In the end, my teacher asked me for show in production the use of FreeBSD and do some tests, ever if it be successful, not mean the entire university will change from one day to another from Debian to FreeBSD...

The probably situation is my teacher install on his laptop to do an deep study...

On clients I argued about the possibility (when is possible) of reuse they old hardware, since linux is getting every time more heavy, and its enough to they accept use FreeBSD (no expenses with new server).


----------



## Murph (Jul 26, 2016)

wisdown said:


> I have argued with my teacher about the problem with old packages from Debian, while o FreeBSD is possible use almost (ever think the ports was full tested before released but seems not) the latest version, many computers on my university use Debian, and because the old packages we does not have for example sublime and other tools available, because those tools need packages more updated not available on Debian...
> 
> So for proof my point of view the only way was on use latest update what unfortunately failed.
> 
> The lesson here is stay with the default packages from ISO since those seems be fully tested.

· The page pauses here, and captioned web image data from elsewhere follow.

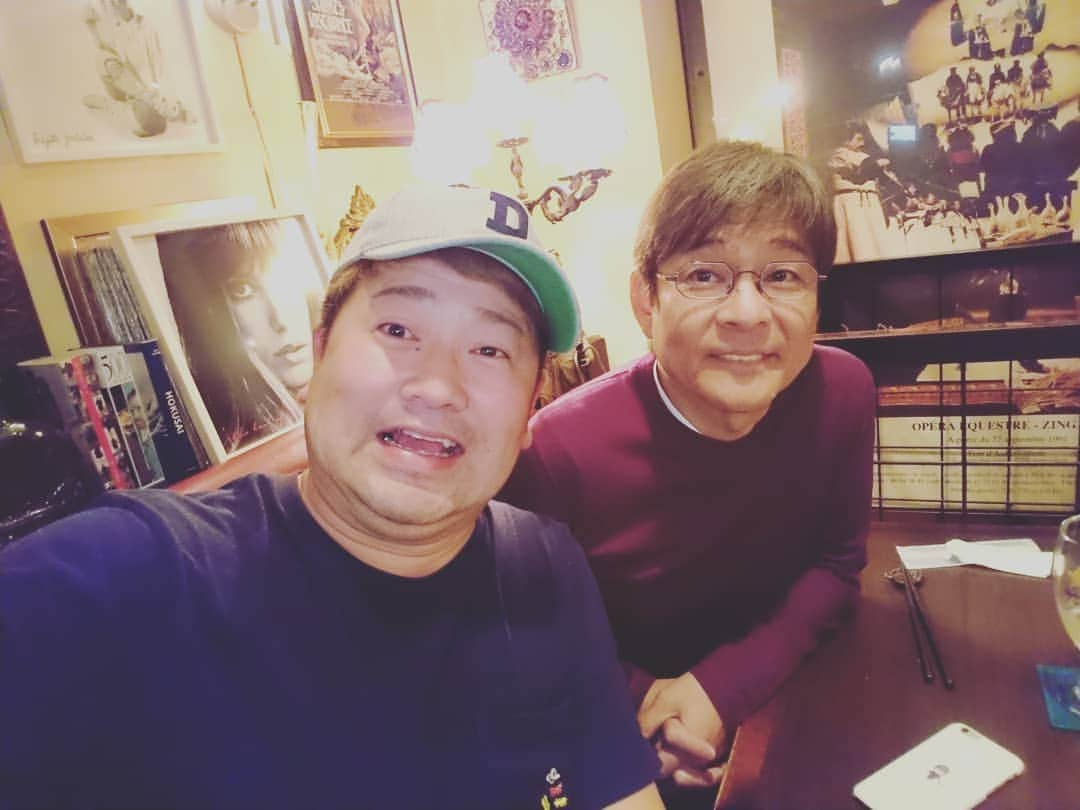 中川貴志さんのインスタグラム写真 - (中川貴志Instagram)「わぁー新喜劇のレジェンド。  面白い酒やぁ～😃 『やっぱすげぇ座長やったわ』😃 #内場勝則 #吉本新喜劇 #すげぇ座長 #面白いオヤジ #さすがよーわかっとる」4月12日 23時21分 - takashi__nakagawa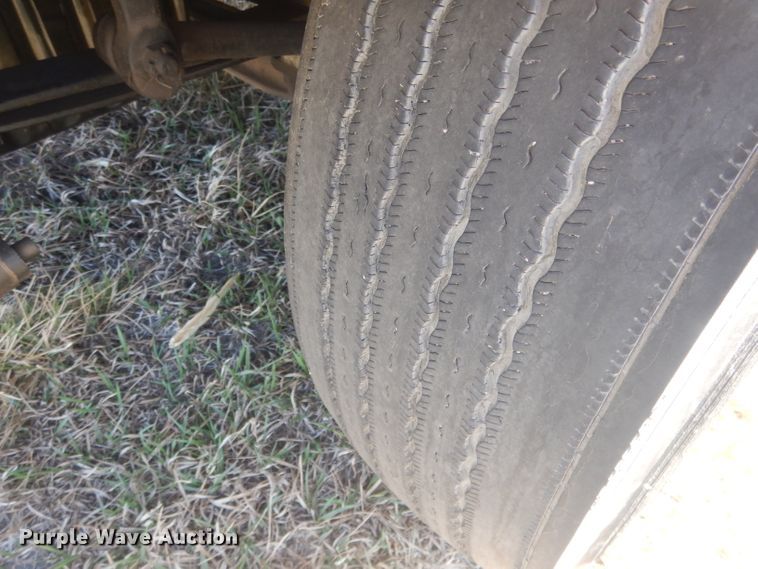 image for item DJ1253 2010 Freightliner Cascadia 113  semi truck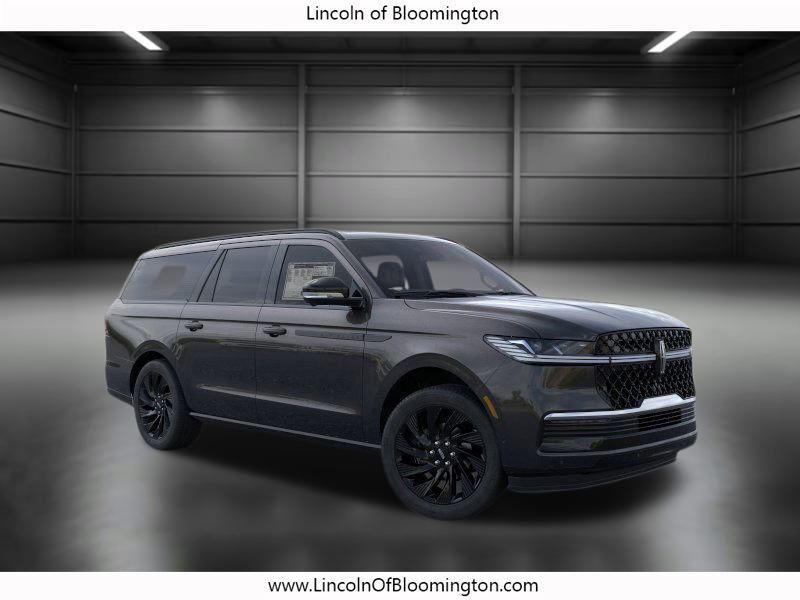new 2025 Lincoln Navigator car, priced at $107,315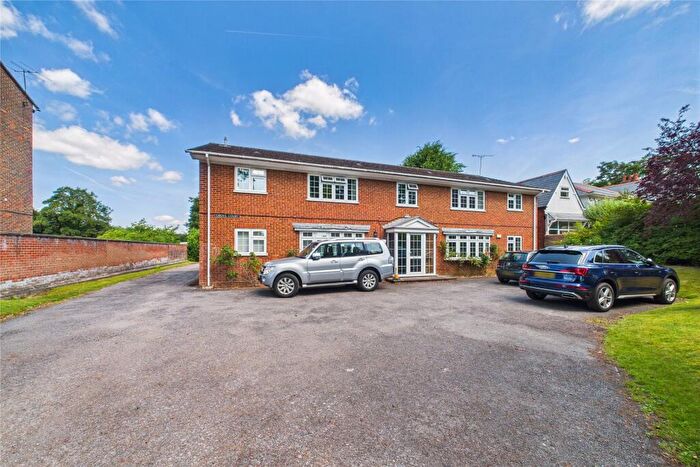 2 Bedroom Apartment To Rent In Bath Road, Maidenhead, Berkshire, SL6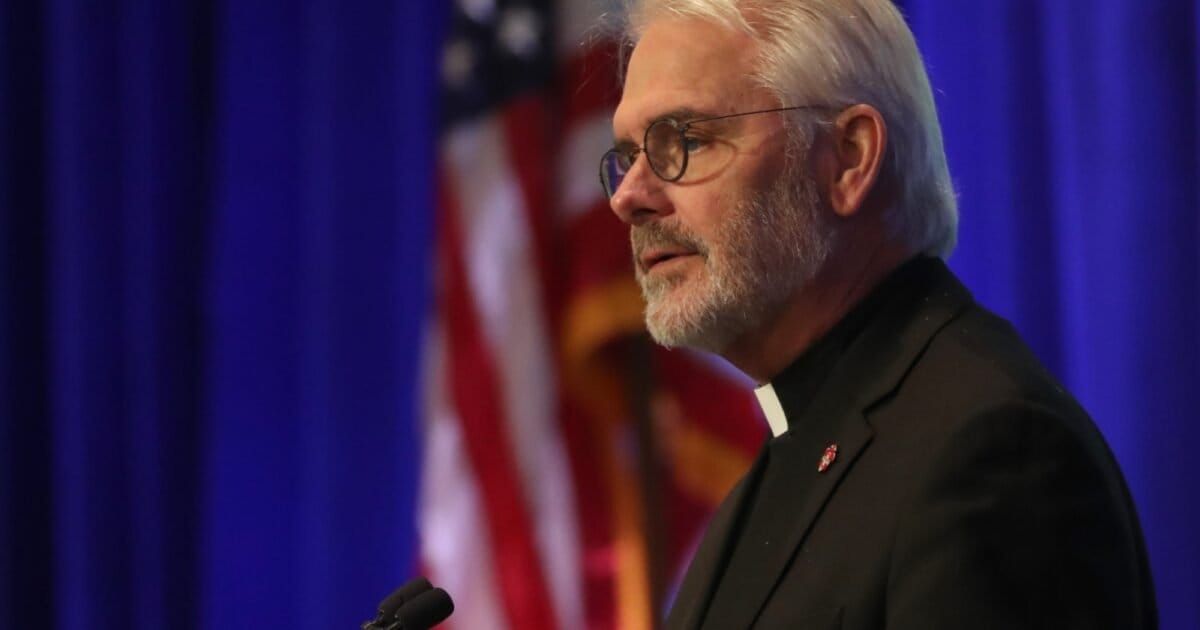 AMERICAN BISHOPS RECLAIM THE NATION: U.S. TO BE CONSECRATED TO THE SACRED HEART OF JESUS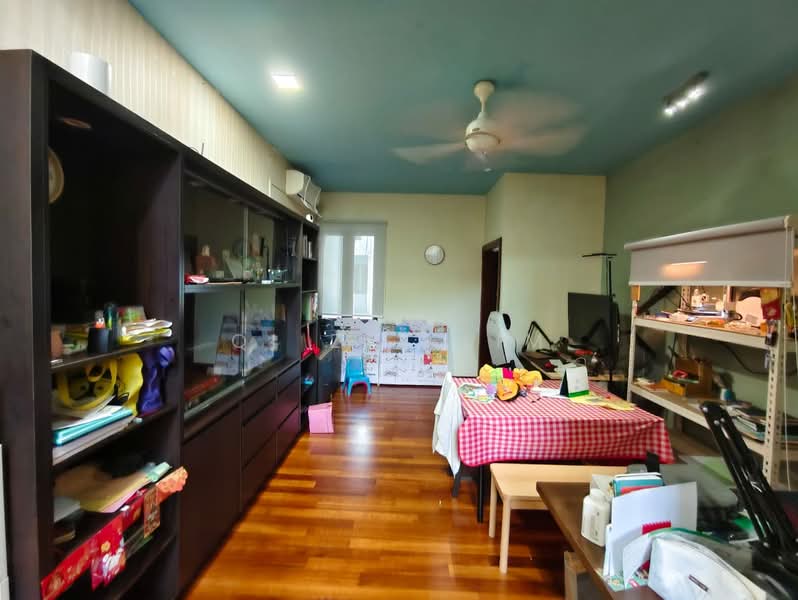 Semi-Detached House for Rent in Subang Jaya (Selangor) - Qi Zhi Lim - Living Room - PropertyGuru.com.my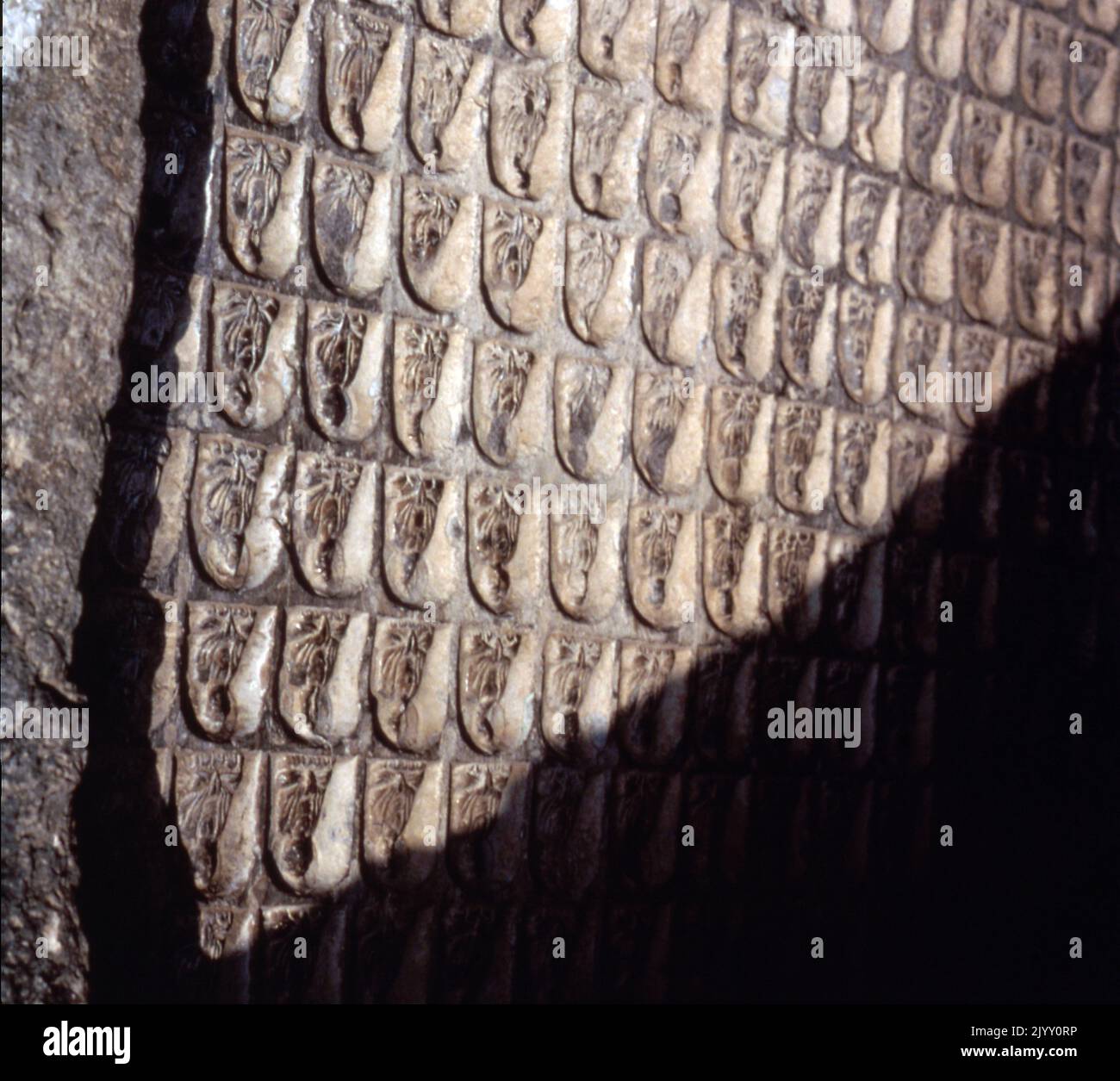 Die Longmen Grotten (Pinyin) oder Longmen Höhlen, chinesische buddhistische Schreine in der Provinz Henan, China. Die Bilder, von denen viele einst gemalt wurden, wurden als Felsreliefs außerhalb und in künstlichen Höhlen geschnitzt, die von den Kalksteinfelsen der Berge Xiangshan und Longmenshan ausgegraben wurden. In den 2.345 Höhlen befinden sich bis zu 100.000 Statuen. Aus der Nördlichen Wei-Dynastie im Jahre 493 n. Chr. Stockfoto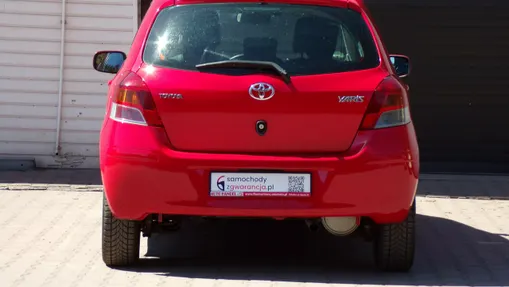 TOYOTA Yaris -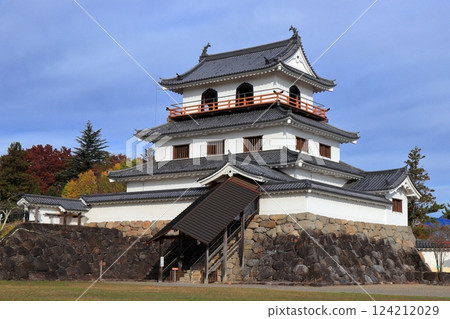 Shiroishi Castle, the castle of a famous general - A moment to immerse yourself in the romance of the Sengoku period (Miyagi) 124212029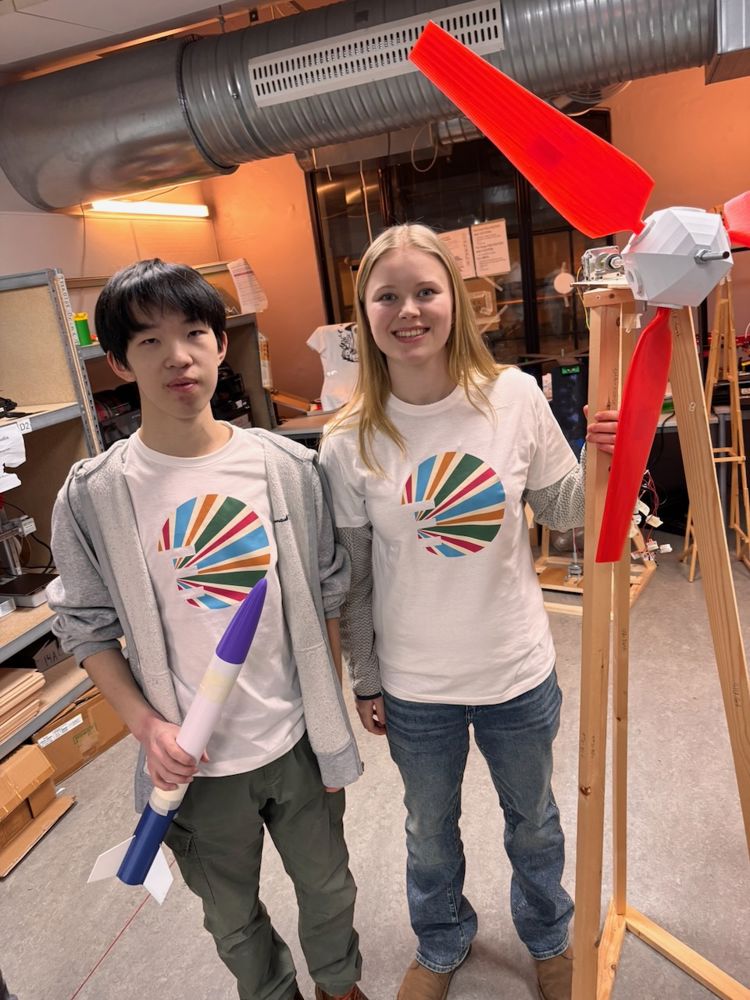 et barn og barn poserer for et bilde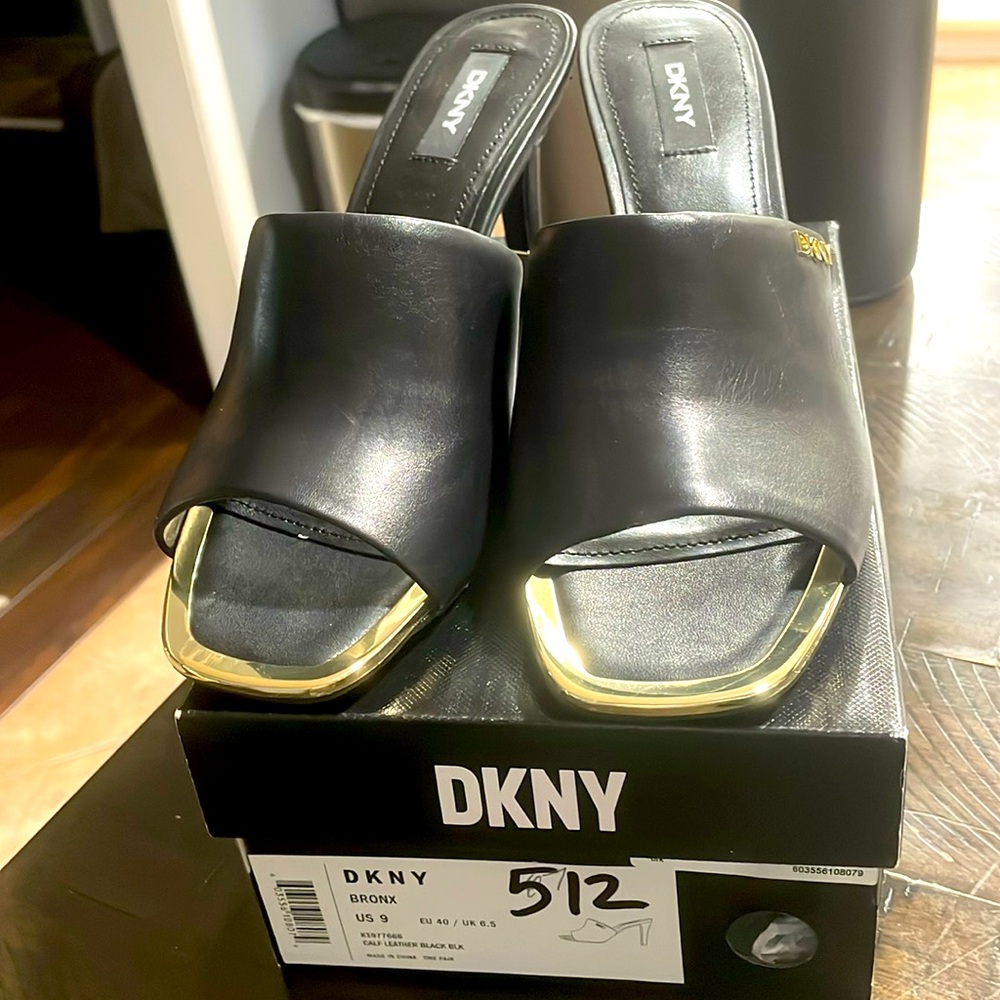 DKNY Bronx heels . Brand new never been worn.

Actually, the snapshots and packages on any ISOs are not necessarily tested to a particularly high standard, as the resources do not exist to do that testing.  Some will have been more carefully looked at prior to the branch/tag in SVN, but there are simply far too many ports relative to the number of people testing to actually do thorough quality testing of the entire ports tree.  It is entirely possible for a port to be badly broken on the ISOs or SVN branches/tags.  Hopefully most of the actively maintained ports should be relatively unlikely to have serious issues on the snapshots, but that's all.  The testing must always be done by the person/people deploying the port/package, to verify that it is suitable for their purposes.  The ISOs / release tags / quarterlies give you a more slowly moving target, but they don't really give much in terms of quality assurance for all ports (the most important ones should generally be good, however).



wisdown said:


> I not mean about blind deploy, what I tried say is about not be able to apply an security fix.
> Lets suppose some people have found an security breach on bind, mostly of enterprises will update they bind for avoid that issue, but, if the ports is bugged, they will not be able to apply that in regular way.
> I know I can download the patch / source and compile by myself also, but, mostly places I have read say to do not do that.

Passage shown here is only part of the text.